The most significant accomplishment was the scale of what happened – this was the first “real”, or full-form competition, and we had 12 teams arriving with real hardware, 2 from Europe, 3 from Canada, 7 from the US – we’ve got ourselves a Space Elevator competition now!  A few more teams were registered and couldn’t produce hardware in time – all in all we had 20 teams that tried.  This is a good base to building the 2007 games from.  Obviously this year USST was head and shoulders above everyone else, with their 2-seconds-too-slow climb, but I’m betting in 2007 we will see plenty of climbers zooming up at over 2 m/s.

Q. The biggest mistake made by entrants in the 2006 Tether competition, was, in hindsight, fairly obvious; trying to push the 2 meter minimum length requirement too far.  What, in your opinion, was the biggest mistake made by entrants in the 2006 Climber competition?

That would be maturity.  Several of the climbers had it in them to go 1m/s, but they were just not fully prepared, were debugging the system on the pad – one of our strongest pushes this year is to whip the teams into starting early, and keeping a constant pace.  We will require video evidence of a complete working system 1 month before the competition so they can spend the next remaining time fine-tuning and putting a nice paint job on the climber. This is a concept we came up with this year, but were too late to enforce properly.  This year, it will be very high on our radar screen.

Q. What was your biggest regret about the 2006 Games?

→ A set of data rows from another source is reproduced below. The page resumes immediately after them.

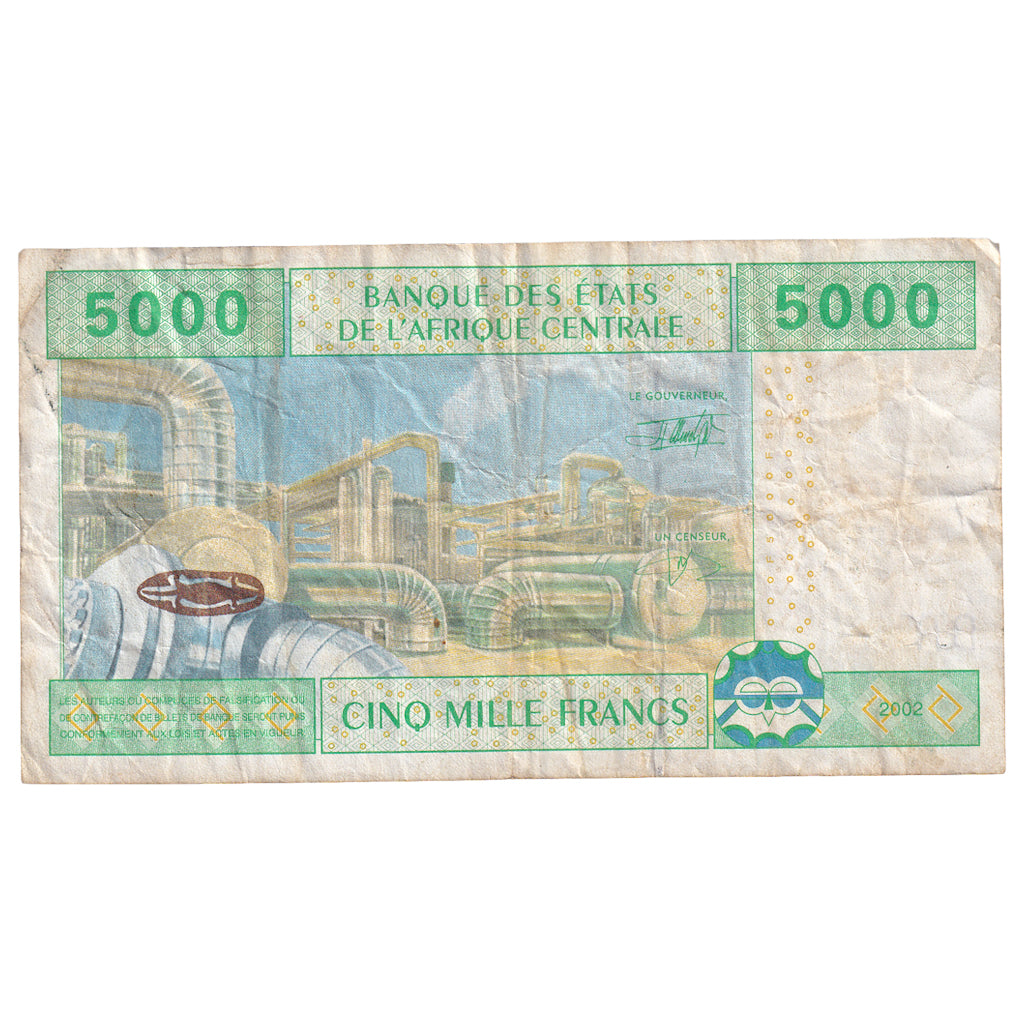 Banconote, Stati dell’Africa centrale, 5000 Francs, 2002, KM:209U, MB+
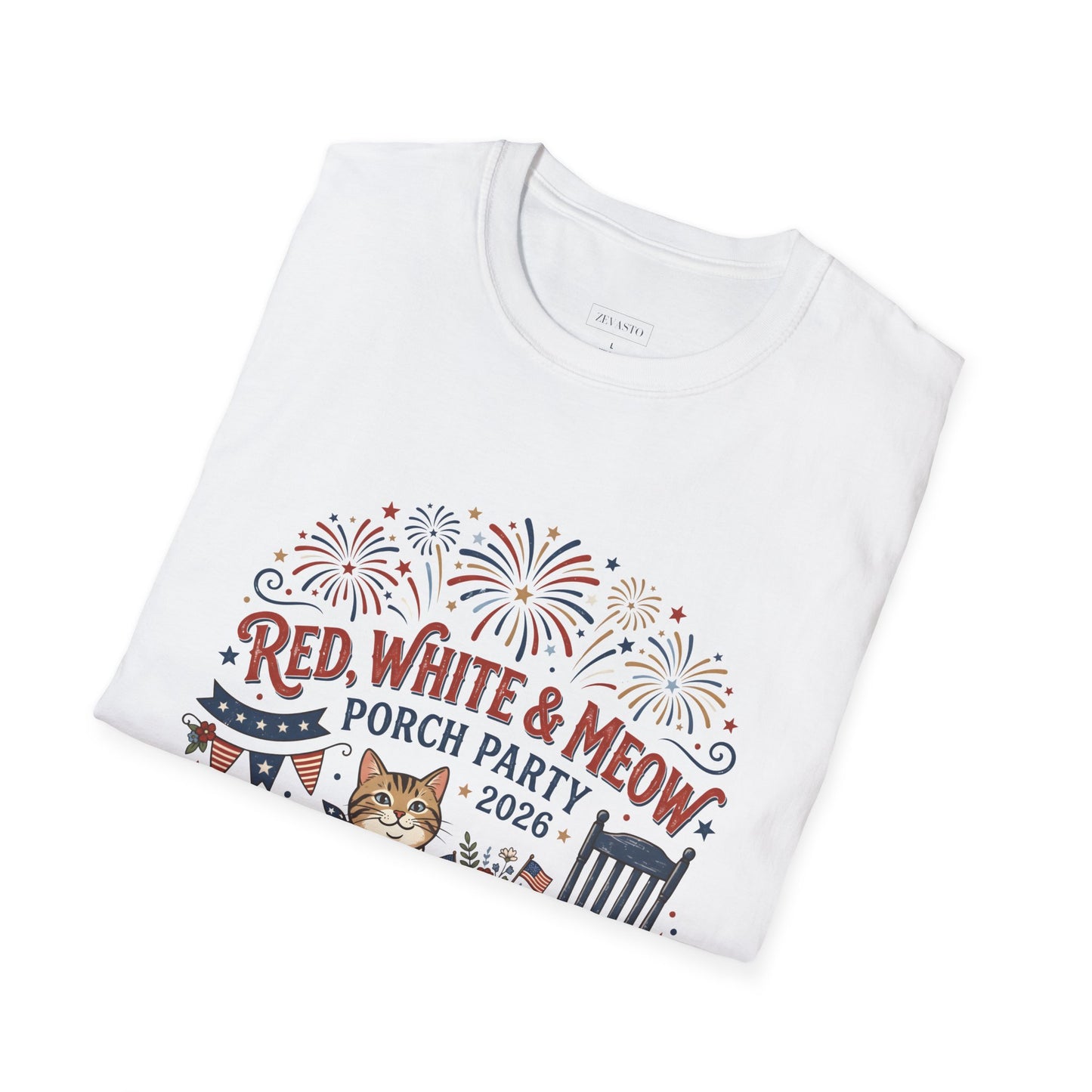 Red, White & Meow Porch Party T-Shirt — 2026 Patriotic Cat Tee, 4th of July Shirt, Independence Day Gift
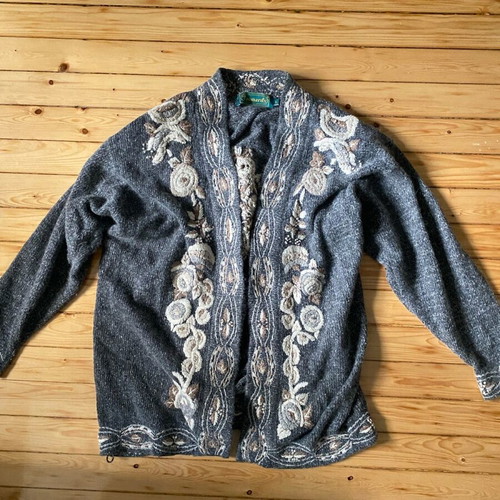 Leone wool cardigan used, gray and beige, size L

None really.  All you have to do is step outside of the day-to-day activities and look back – we’ve covered a huge amount of ground, and have a path forward that is both exciting and feasible – We couldn’t have asked for more.

Q. What are your thoughts on how well the “Games partnership” worked with XPrizeCup this year?

It was a good call for both of us to do this together.  We complement each other, and it worked out fine for both of us.

Q. I know it’s early, but do you have any preferences on working with XPrizeCup for the 2007 games?

We’re already talking about this, but won’t know for sure for a couple of months.

Q. What are the most significant changes in this year’s Climber (Power Beaming) competition rules?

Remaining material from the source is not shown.